CFTC Should Be Crypto’s ‘Primary Cop,’ Acting Chair Says

The Commodity Futures Trading Commission (CFTC) is ready to be the main federal regulator for crypto, its acting head said Wednesday.

Rostin Behnam, the acting chair of the CFTC, told the Senate Agriculture Committee that the commodities regulator is ready to become the primary federal regulator for digital assets, should Congress expand the agency’s remit.

Behnam was testifying as part of his confirmation hearing to serve a full term as chair of the agency.

“The CFTC has responsibly and aggressively been pursuing enforcement cases in the digital asset marketplace for a number of years now,” Behnam said, pointing to the agency’s recent settlements with Kraken and Tether.
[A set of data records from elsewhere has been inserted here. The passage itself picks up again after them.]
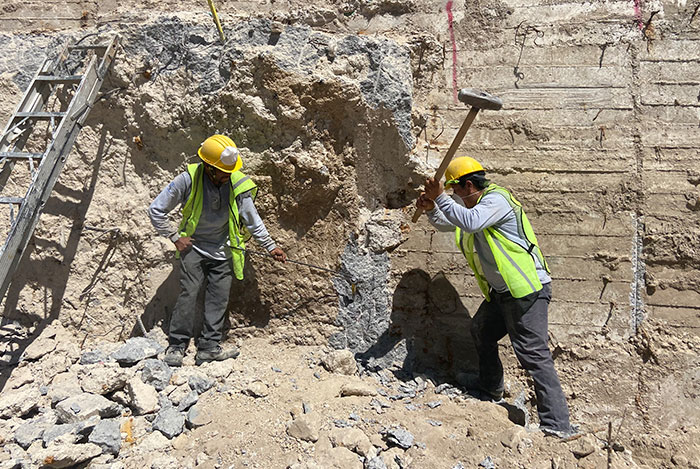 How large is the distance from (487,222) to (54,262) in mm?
3271

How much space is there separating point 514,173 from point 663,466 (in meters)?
2.24

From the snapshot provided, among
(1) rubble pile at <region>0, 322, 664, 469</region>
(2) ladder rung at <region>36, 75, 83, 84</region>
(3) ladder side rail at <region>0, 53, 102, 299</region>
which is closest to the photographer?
(1) rubble pile at <region>0, 322, 664, 469</region>

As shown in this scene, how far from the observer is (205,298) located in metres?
3.69

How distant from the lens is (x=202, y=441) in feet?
9.14

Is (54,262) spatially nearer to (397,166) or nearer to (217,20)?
(217,20)

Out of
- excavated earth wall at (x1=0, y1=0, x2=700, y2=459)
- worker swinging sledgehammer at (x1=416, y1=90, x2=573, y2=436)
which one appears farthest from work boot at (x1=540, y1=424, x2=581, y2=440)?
excavated earth wall at (x1=0, y1=0, x2=700, y2=459)

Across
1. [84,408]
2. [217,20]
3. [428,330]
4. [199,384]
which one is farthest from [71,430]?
[217,20]

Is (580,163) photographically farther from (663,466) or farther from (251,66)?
(251,66)

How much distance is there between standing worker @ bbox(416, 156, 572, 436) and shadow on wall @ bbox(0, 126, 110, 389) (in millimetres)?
2605

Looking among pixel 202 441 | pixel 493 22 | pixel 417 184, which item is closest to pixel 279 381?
pixel 202 441

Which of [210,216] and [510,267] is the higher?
[210,216]

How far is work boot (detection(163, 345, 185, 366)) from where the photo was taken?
11.4ft

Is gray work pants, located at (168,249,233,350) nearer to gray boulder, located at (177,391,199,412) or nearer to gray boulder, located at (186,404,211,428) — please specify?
gray boulder, located at (177,391,199,412)

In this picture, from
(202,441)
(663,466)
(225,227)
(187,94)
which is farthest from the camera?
(187,94) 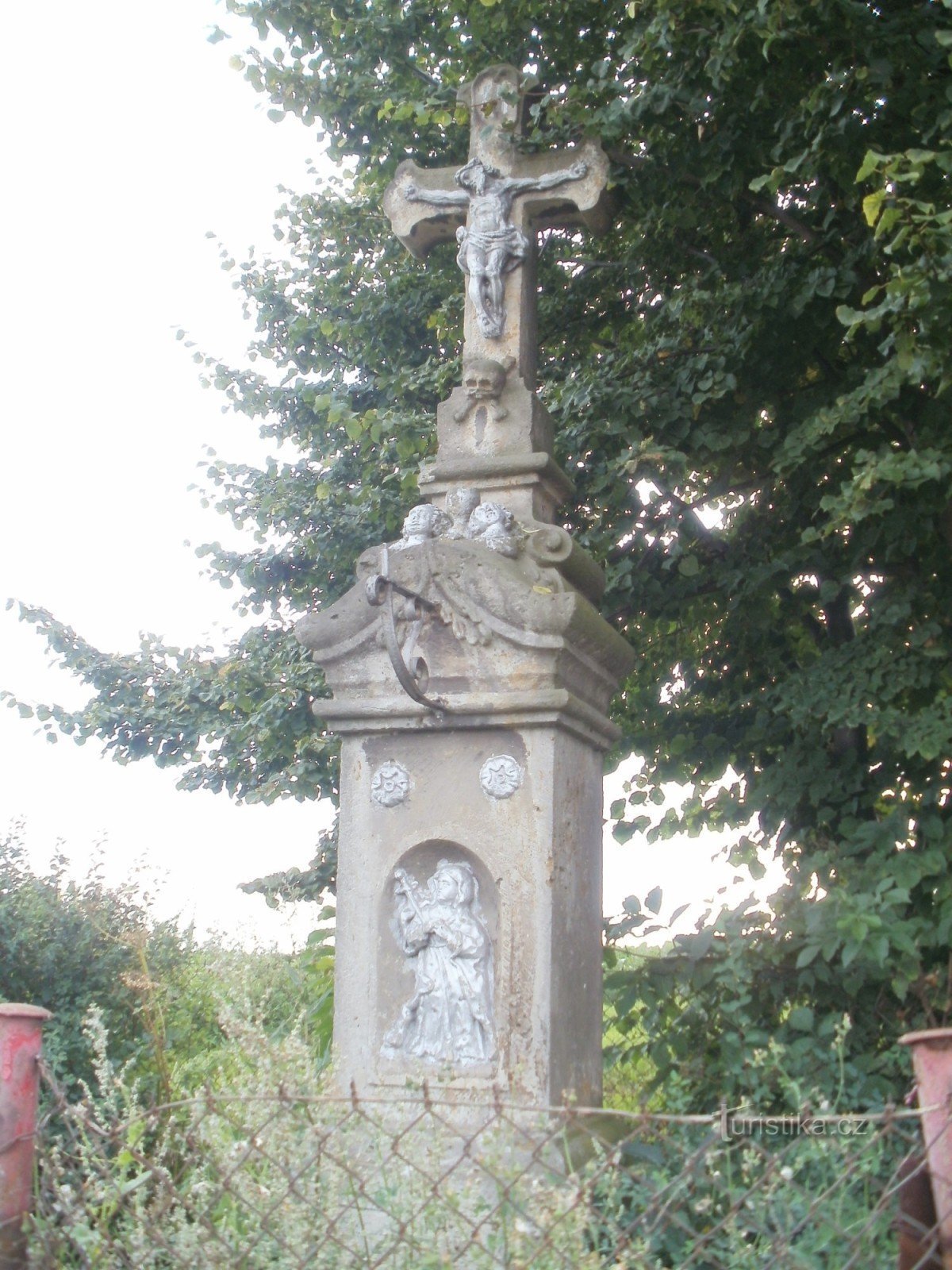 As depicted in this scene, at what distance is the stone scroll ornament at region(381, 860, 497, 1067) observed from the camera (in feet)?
13.5

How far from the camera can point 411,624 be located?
436 centimetres

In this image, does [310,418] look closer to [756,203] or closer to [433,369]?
[433,369]

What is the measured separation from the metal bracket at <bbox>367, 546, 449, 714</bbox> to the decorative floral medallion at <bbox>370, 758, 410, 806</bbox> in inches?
10.3

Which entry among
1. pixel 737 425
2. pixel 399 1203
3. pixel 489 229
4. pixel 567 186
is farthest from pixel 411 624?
pixel 737 425

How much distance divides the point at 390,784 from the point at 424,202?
264 centimetres

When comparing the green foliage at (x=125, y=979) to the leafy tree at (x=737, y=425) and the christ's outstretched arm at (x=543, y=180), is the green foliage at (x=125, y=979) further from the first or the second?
the christ's outstretched arm at (x=543, y=180)

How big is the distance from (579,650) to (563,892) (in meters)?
0.82

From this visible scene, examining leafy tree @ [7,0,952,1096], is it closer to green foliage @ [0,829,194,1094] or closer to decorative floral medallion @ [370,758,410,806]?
decorative floral medallion @ [370,758,410,806]

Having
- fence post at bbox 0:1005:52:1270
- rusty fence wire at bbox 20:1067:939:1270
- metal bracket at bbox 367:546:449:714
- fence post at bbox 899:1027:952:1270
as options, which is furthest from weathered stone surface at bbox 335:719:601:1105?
fence post at bbox 899:1027:952:1270

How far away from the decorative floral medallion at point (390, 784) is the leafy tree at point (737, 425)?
4.44ft

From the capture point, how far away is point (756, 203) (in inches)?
253

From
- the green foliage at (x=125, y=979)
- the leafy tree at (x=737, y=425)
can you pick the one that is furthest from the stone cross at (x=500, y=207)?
the green foliage at (x=125, y=979)

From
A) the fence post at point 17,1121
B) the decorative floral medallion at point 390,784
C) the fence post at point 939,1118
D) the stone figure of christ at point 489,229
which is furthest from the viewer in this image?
the stone figure of christ at point 489,229

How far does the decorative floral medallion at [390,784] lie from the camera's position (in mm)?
4398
The regulator pointed to the size of the crypto market, noting the overall market capitalization hovers around $2.7 trillion right now, and “nearly 60% were commodities.”

“I think it’s important for this committee to reconsider and consider expanding authority for the CFTC,” Behnam said.

He acknowledged that regulating crypto would be “a departure” from the agency’s historic role as a commodities regulator, but said the sector is important enough that the shift would be warranted.

“Given the size, the scope and the scale of this emerging market, how its interfacing and affecting customers, retail customers, and then with the scale of the growth being so rapid, potential financial stability risks in the future, I think it’s critically important to have a primary cop on the beat and certainly the CFTC is prepared to do that if this committee so wishes,” Behnam said.

Behnam later pointed to digital asset market transactions as posing a risk, including banking and prudential finance risks and clearing and settlement risks.

“We really also need to have a conversation about market regulation and sort of the exchange, the purchase and sale of these coins in a regulatory structure for both securities and commodities,” he said.

Brewing turf war?

The CFTC’s securities counterpart, the Securities and Exchange Commission (SEC), has also been moving to more closely regulate the crypto market. Under Chair Gary Gensler, who took office earlier this year, the SEC has approved new bitcoin futures exchange-traded funds (ETFs), expanding retail exposure to the digital asset sector.

However, Gensler himself has indicated that he believes the SEC may be best suited to become the primary cop for crypto.

In various public statements, Gensler has said the SEC should regulate exchanges like Coinbase because they may list securities for retail access, oversee stablecoins, a segment of the crypto market where each token is pegged to a fiat currency like the dollar, and regulate decentralized finance (DeFi), which seeks to recreate some traditional financial tools and platforms without a centralized party in control.

Gensler has also expressed his belief that “most” tokens are securities in a Congressional hearing.

Congress will have to act to give either agency a specific mandate over the crypto market, but at present there is no federal regulator for spot markets. The CFTC has the authority to oversee crypto derivatives markets and fraud within the underlying spot market, while the SEC has the authority to oversee securities and platforms that explicitly seek to list and trade securities.

Most crypto trading platforms are regulated at the state level, meaning they have to secure money transmitter licenses in each state they operate in. This piecemeal approach has received criticism from industry advocates due to the resources needed to secure nearly 50 different licenses.

UPDATE (Oct. 27, 2021, 15:10 UTC): Updated with additional context.